[DIRECTIONS] Output must consist only of the lines of the material below from the one with "Image 29 of 50: No Description Available" through the one with "Landhaus Koller Gosau Exterior foto", each reproduced exactly; no pictures belong in it.

[EXERCISE INPUTS]
▼▼▼

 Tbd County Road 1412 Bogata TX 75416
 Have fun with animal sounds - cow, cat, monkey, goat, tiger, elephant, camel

▲▲▲
▼▼▼

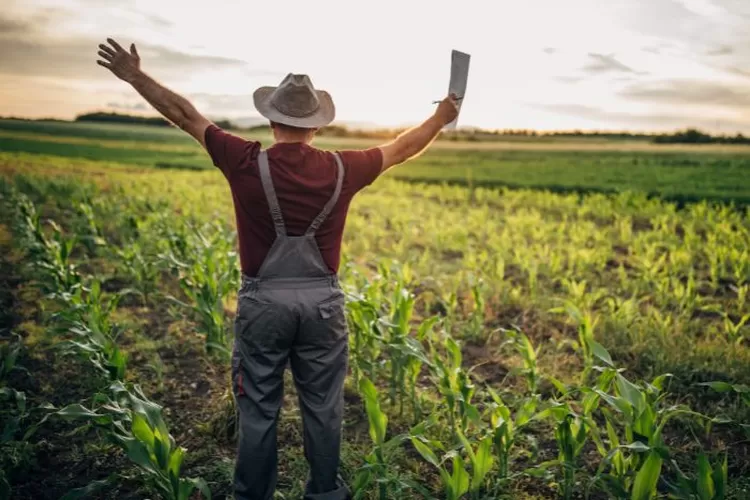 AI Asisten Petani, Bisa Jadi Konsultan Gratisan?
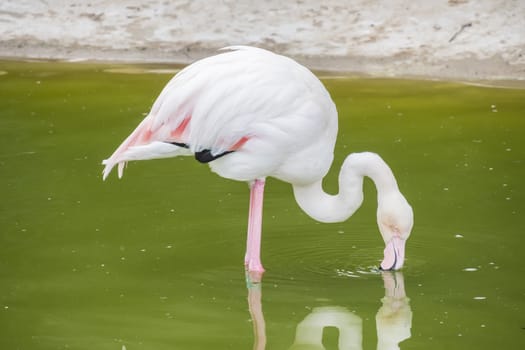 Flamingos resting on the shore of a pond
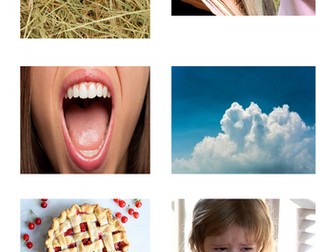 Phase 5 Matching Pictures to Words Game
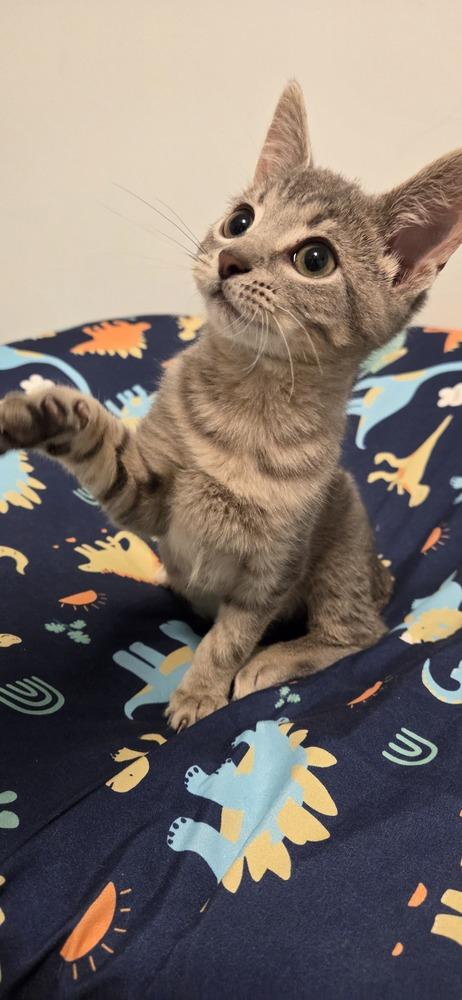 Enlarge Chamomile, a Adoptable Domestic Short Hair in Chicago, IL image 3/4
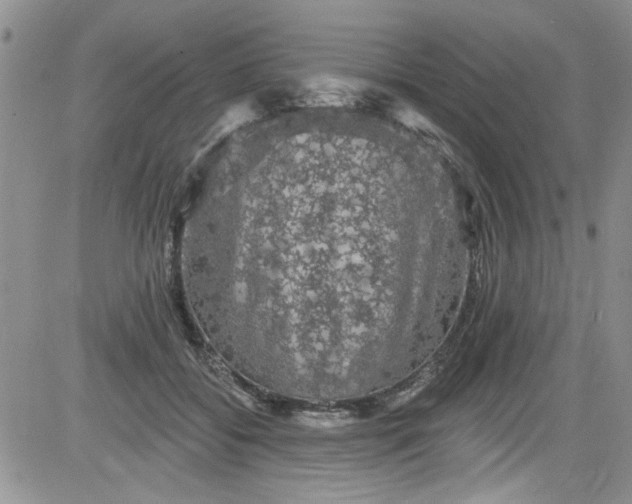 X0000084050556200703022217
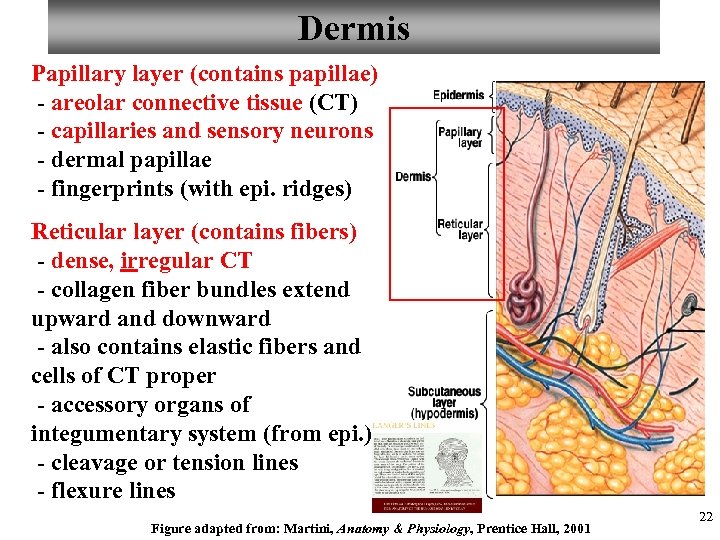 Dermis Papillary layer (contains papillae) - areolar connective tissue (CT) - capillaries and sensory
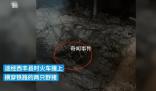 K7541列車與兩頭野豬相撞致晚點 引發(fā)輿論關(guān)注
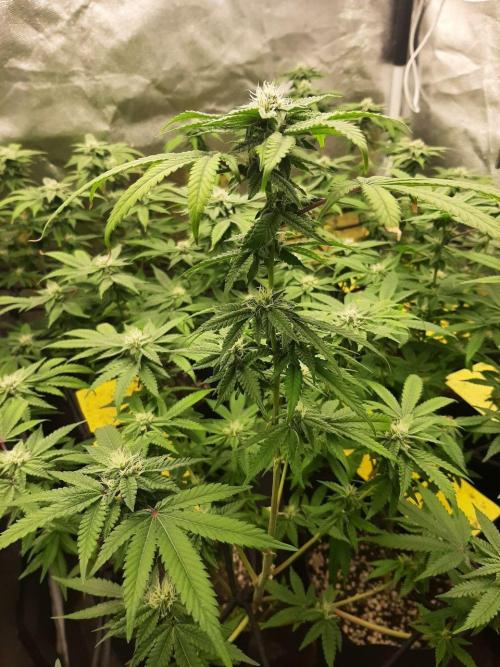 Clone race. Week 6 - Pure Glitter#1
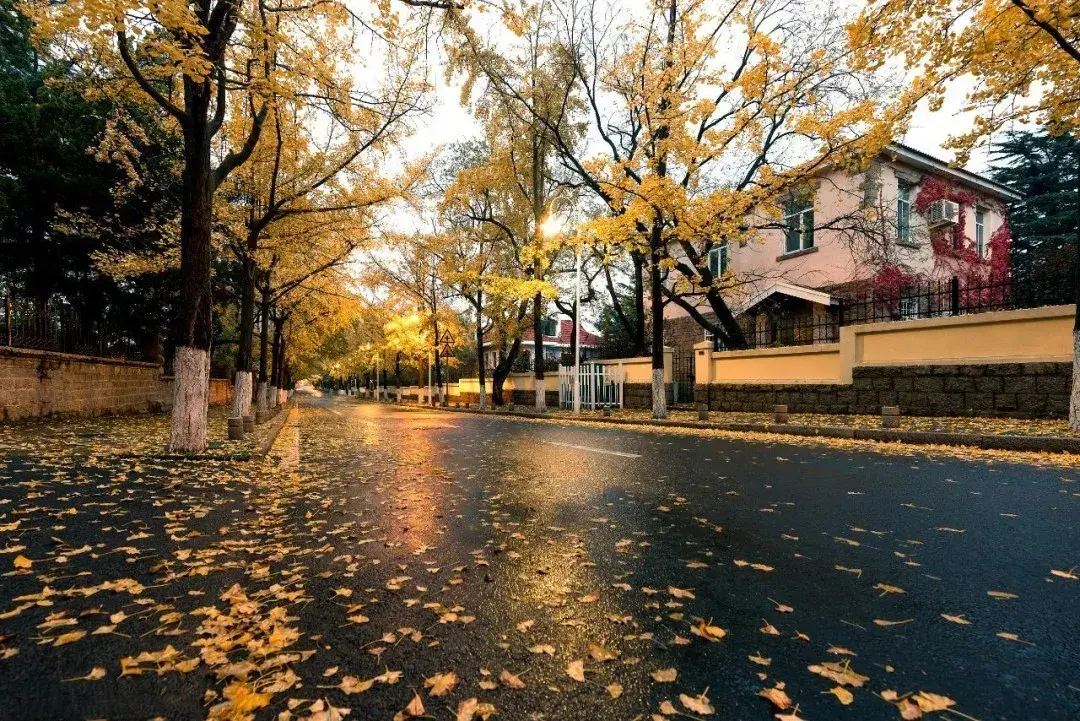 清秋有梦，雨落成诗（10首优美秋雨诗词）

▲▲▲
▼▼▼

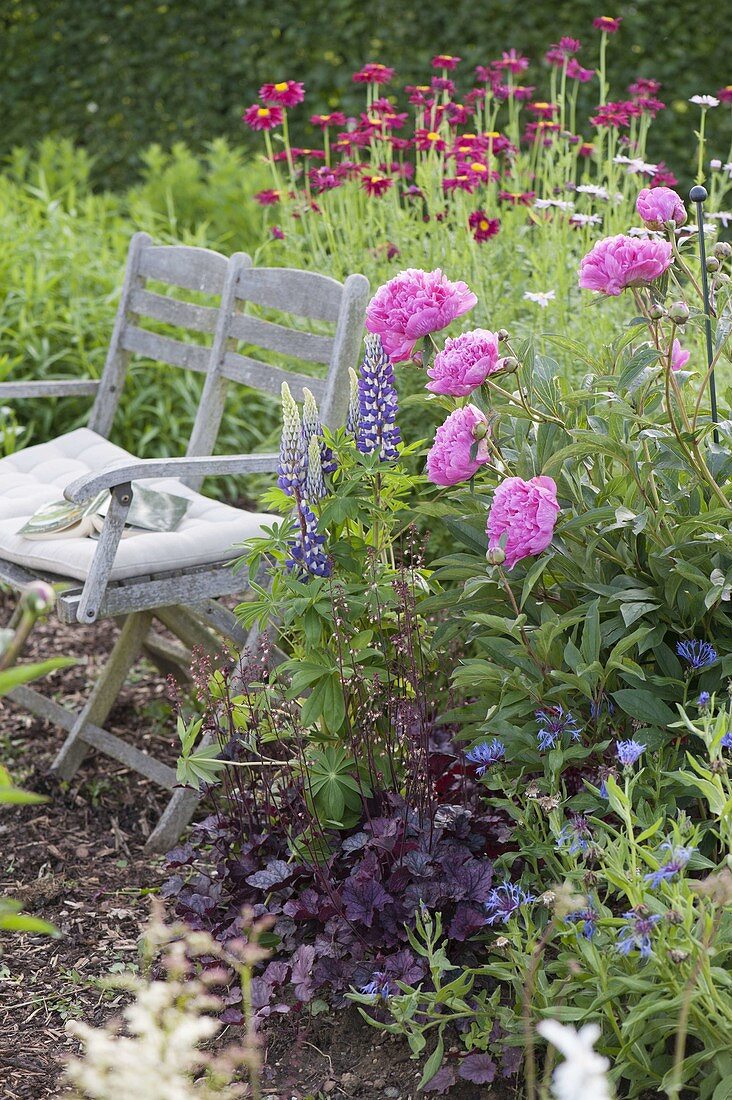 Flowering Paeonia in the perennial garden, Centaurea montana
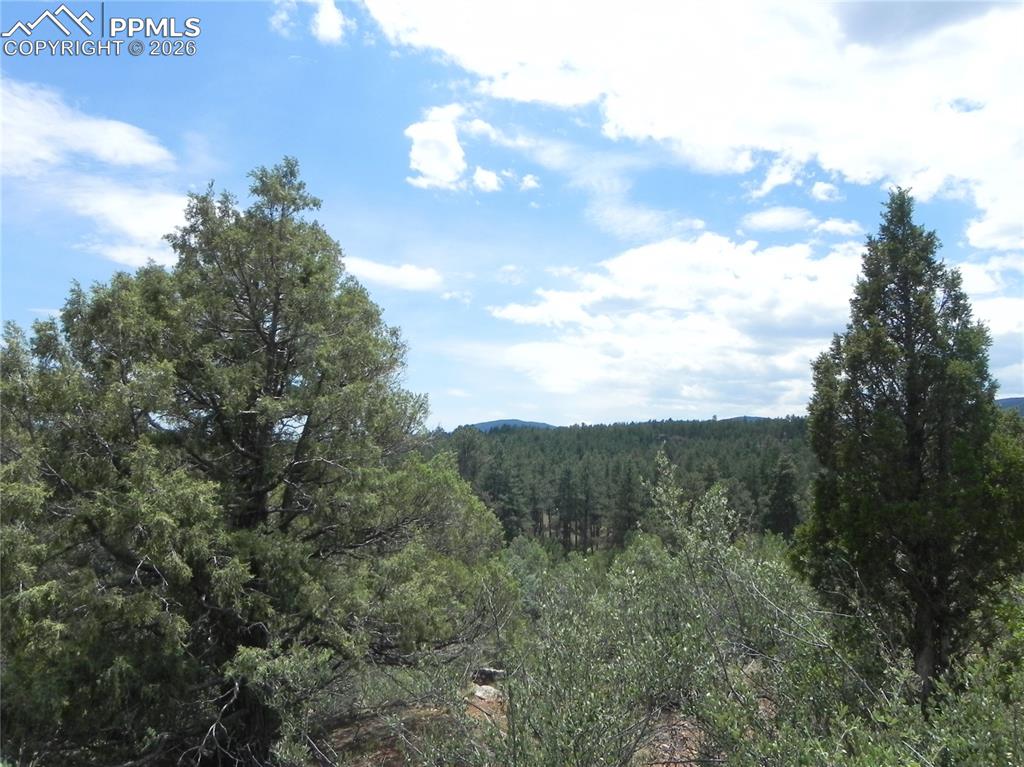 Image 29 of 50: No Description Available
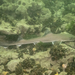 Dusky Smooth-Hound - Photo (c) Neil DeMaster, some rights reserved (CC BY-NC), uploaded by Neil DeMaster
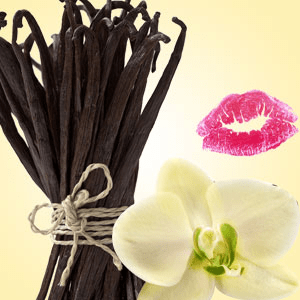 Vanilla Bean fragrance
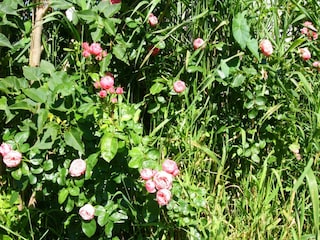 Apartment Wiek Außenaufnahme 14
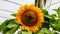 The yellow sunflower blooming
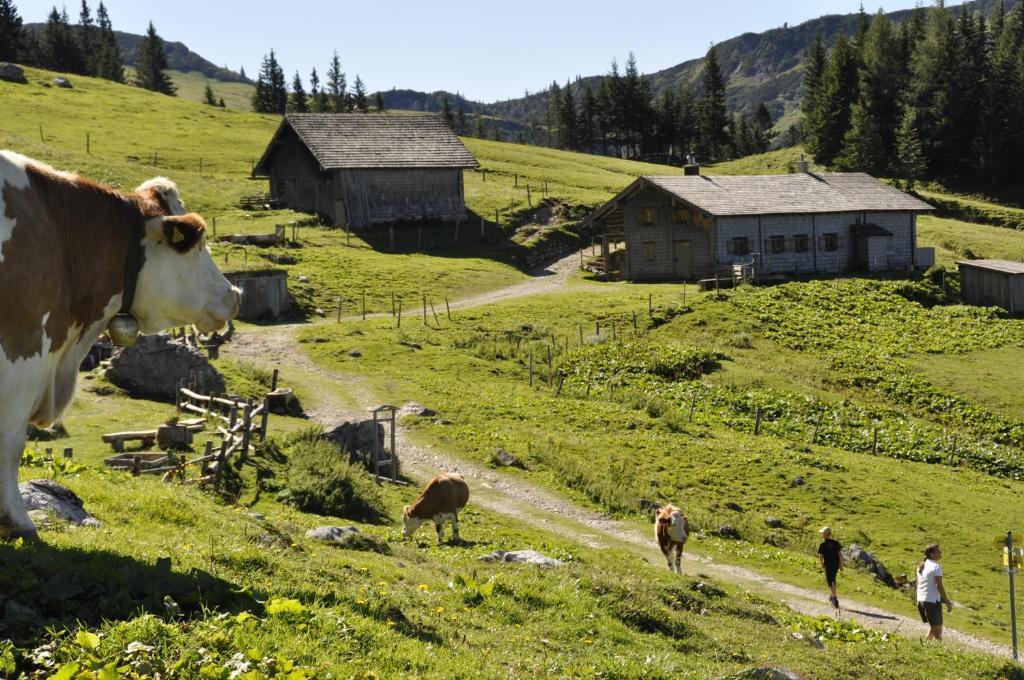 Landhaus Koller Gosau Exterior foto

▲▲▲

[EXERCISE OUTPUT]
 Image 29 of 50: No Description Available
 Dusky Smooth-Hound - Photo (c) Neil DeMaster, some rights reserved (CC BY-NC), uploaded by Neil DeMaster
 Vanilla Bean fragrance
 Apartment Wiek Außenaufnahme 14
 The yellow sunflower blooming
 Landhaus Koller Gosau Exterior foto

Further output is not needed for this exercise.